APPLE: < 2% OF THE PC MARKET
Even with all the shouting from Cupertino, for the most part, no one in the real world seems to really give a rat’s ass. I mean, for those of you who weren’t aware, Apple’s marketshare has slid steadily downward over the past 5 years. That’s right: Downward. Macintoshes now occupy around ~2% of the computing market whereas they used to be ~6% just 5 years ago. All those switcher commericials… all those revisions of Mac OS X… all those iPods sold hoping to hook people into buying Macs… all the hype about moving to Intel…
None of that made a bit of difference. The world is still moving along to it’s own beat and it’s not using an Apple branded drum. There’s been no halo effect from iPod sales, meaning there’s no correlation between Mac sales & iPod sales. There’s been virtually no "switchers" and the move to Intel might make Macs more affordable but they haven’t changed anything in the way of software availability, programmer friendliness, or partner integration. In fact, the day that Apple has to start dealing with System Builders pirating their OS and putting it on cheaper "clone Mac" hardware, is the day Apple starts to see what a mistake it was to move to Intel. At least they had a chance while they were on a proprietary non-commoditized platform.
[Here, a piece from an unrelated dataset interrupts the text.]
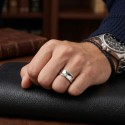 L'anello ultra lucido del carburo di tungsteno concavo elegantemente indossato da un uomo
STILL MAKING HARDWARE MARGINS
Apple makes it’s money off of the high margins it gets from it’s hardware, not from it’s OS or services. If other manufacturers start producing hardware that MacOS X runs fine on and looks like Macs (which we’ve seen many clones of), why would anyone want to pay Apple’s margins in a commodity Intel hardware market?
And that last one is the killer: Apple’s own agenda is to own everything – the Apple Hardware you buy, the Apple OS you buy, even the Apple applications you buy like Final Cut Pro, Keynote, & Safari… leaving very little of the pie for anyone else. Ironically, this is the attack most often used against Microsoft by Apple fanatics: "Microsoft wants to own everything!" Sure the iPod has succeeded in this model, but the iPod succeeded primarily because as every think tank out there will tell you, everyone else was just so bad at marketing and coordination in this space – Microsoft & its partners included. From advertising to device-design to end-to-end experience… it’s all been just plain BAD, next to Apple’s moderately good campaign.
THE IPOD: UNBREAKABLE?
So that’s been their success: The iPod. Their second revenue stream. Mac was somewhat sustainable but while the XServe, Quicktime, and their other investments have virtually tanked (FinalCut Pro, while successful is too small in revenue to really be considered a factor), iPod has essentially become the other breadwinner in the family. What’s weird though is that for all the talk about what a success the iPod’s been, what people haven’t mentioned is what happened with iTunes Music Store? It turns out that iTMS is a complete wash for Apple. They neither lose, nor make money on their investment in iTMS. They’ve commoditized the cost of selling music down to a level so low that no one can effectively compete with them and turn a profit.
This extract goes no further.